Assumptions are mathematical conditions that are assumed to hold true for all calculations. By default, all MuPAD^{®} identifiers are independent of each other and can take any value in the complex plane. For example, sign(1 + x^2) cannot be simplified any more because MuPAD assumes that x is a complex number. If you set an assumption that x is a real number, then MuPAD can simplify sign(1 + x^2) to 1.
For this reason, many MuPAD functions return very general or piecewise-defined results that depend on further conditions. For example, solve or int can return piecewise results.
Many mathematical theorems hold only under certain conditions. For example, x^b*y^b = (x*y)^b holds if b is an integer. But this equation is not true for all combinations of x, y, and b. For example, it is not true if x = y = -1, b = 1/2. In such cases, you can use assumptions to get more specific results.
If you use assume inside a function or procedure, MuPAD uses the new assumption and ignores existing assumptions only inside the function or procedure.

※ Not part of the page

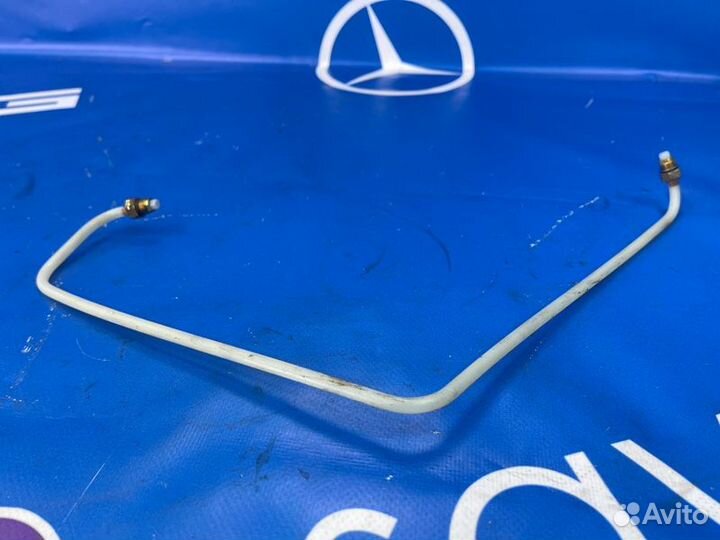 Трубка пневмоподвески Mercedes R350 W251 272.967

After the function or procedure call, MuPAD removes the new assumption and restores the assumptions that were set before the function or procedure call.
If condition is a relation (for example, x < y), then MuPAD implicitly assumes that both sides of the relation are real. See Example 4.

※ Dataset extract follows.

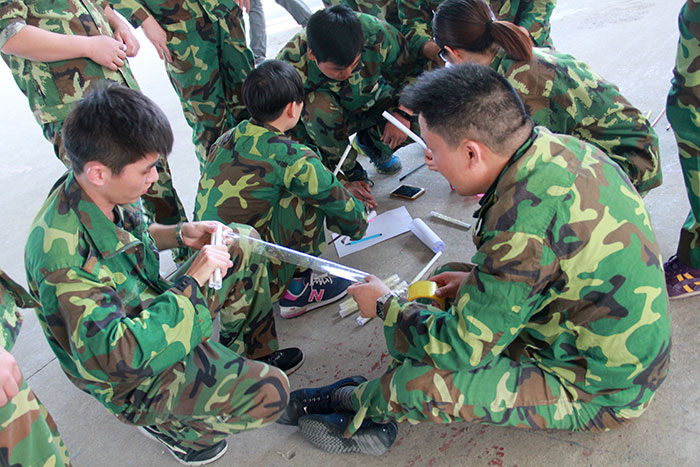 2017年2月13-15日，金艾陶“虎狼道”戶外拓展訓(xùn)練圓滿結(jié)束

To delete assumptions previously set on x, use unassume(x) or delete x.
When you assign a value to an identifier with assumptions, the assigned value can be inconsistent with existing assumptions. Assignments overwrite all assumptions previously set on an identifier. See Example 5.
assume accepts any condition and Boolean combinations of conditions. See Example 7.
If expr is a list, vector, or matrix, use the syntax assume(expr, set). Here set must be specified as one of C_, R_, Q_, Z_, N_, or an expression constructed with the set operations, such as union, intersect, or minus. set also can be a function of the Type library, for example, Type::Real, Type::Integer, Type::PosInt, and so on.
Do not use the syntaxes assume(expr in set) and assume(condition) for nonscalar expr.
Set an assumption that identifier n is an integer. Here, assume(n, Type::Integer) is equivalent to assume(n in Z_) because n is a scalar.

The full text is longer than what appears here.